Top of Provided data

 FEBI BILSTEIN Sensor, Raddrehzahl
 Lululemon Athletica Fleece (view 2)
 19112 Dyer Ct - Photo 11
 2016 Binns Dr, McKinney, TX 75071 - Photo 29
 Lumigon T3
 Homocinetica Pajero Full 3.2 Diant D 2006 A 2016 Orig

Bottom of Provided data
Top of Provided data

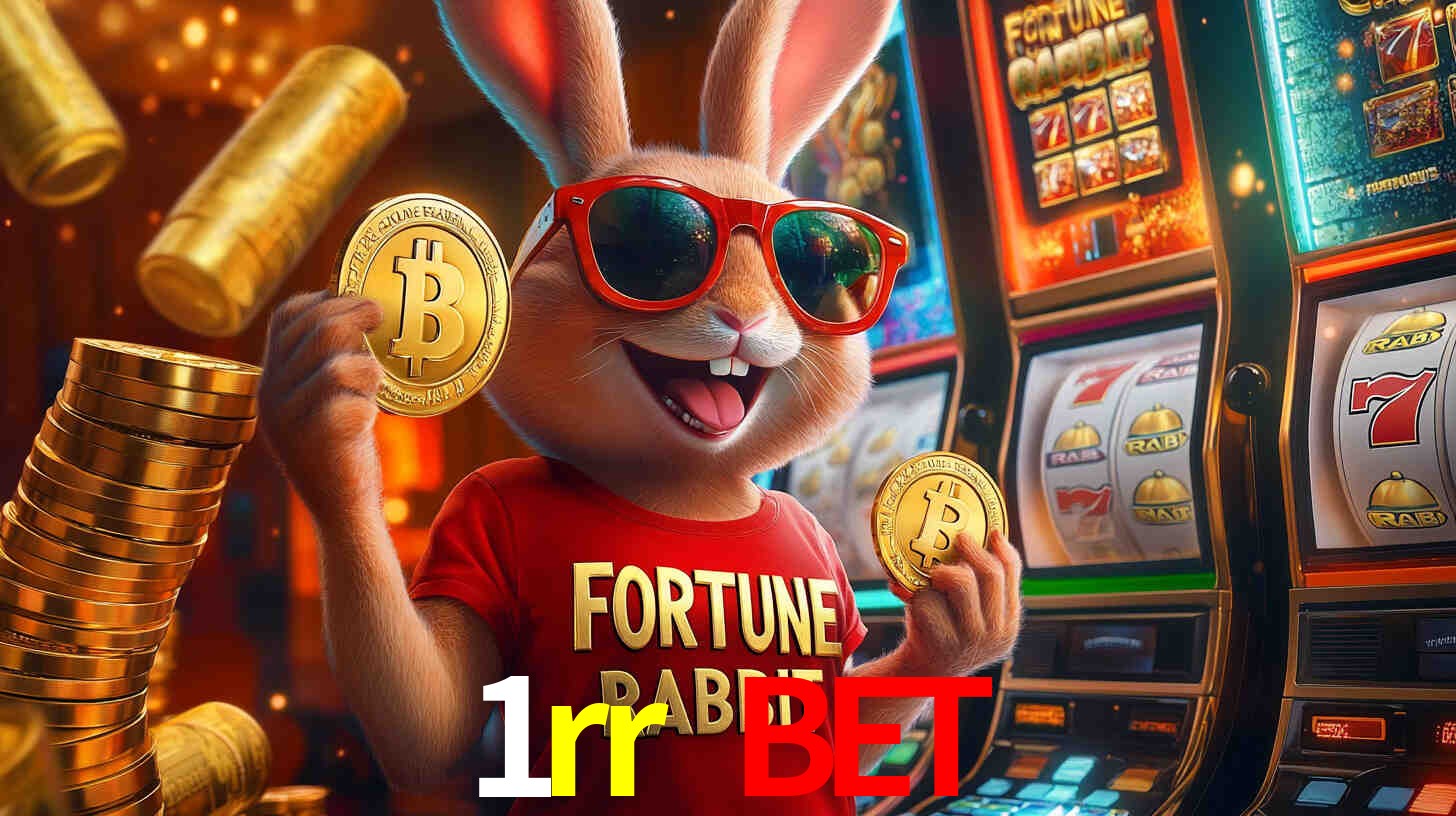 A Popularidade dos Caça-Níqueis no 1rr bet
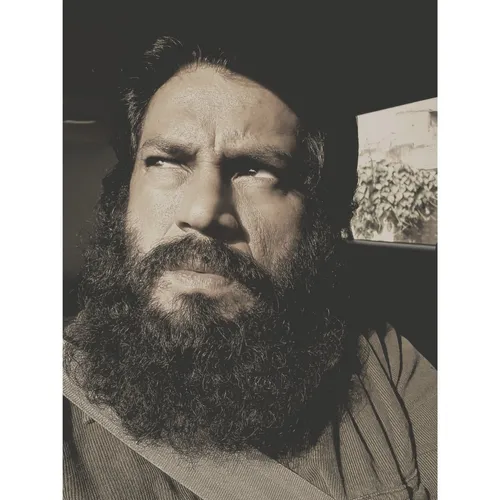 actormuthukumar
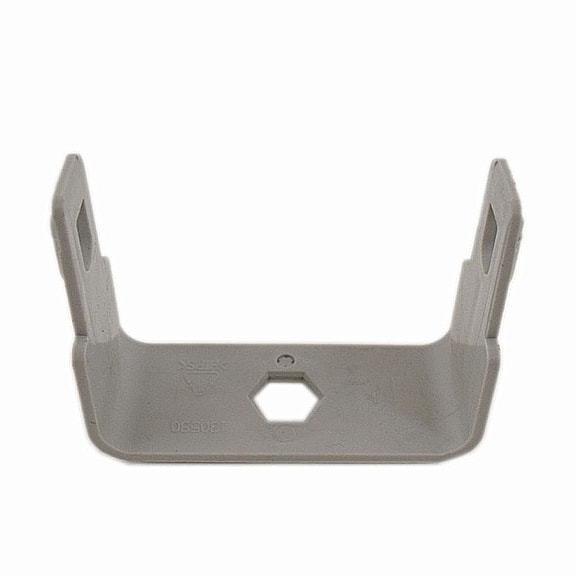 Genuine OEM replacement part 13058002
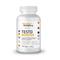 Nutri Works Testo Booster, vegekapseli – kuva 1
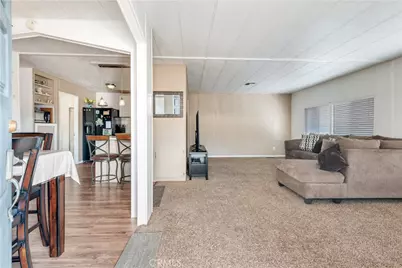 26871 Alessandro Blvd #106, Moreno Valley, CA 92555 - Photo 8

Bottom of Provided data

About this exercise
Look through the entries above and quote exactly the lines from the line with "2016 Binns Dr, McKinney, TX 75071 - Photo 29" to the line with "Homocinetica Pajero Full", counting both of those lines.

Result of the task
 2016 Binns Dr, McKinney, TX 75071 - Photo 29
 Lumigon T3
 Homocinetica Pajero Full 3.2 Diant D 2006 A 2016 Orig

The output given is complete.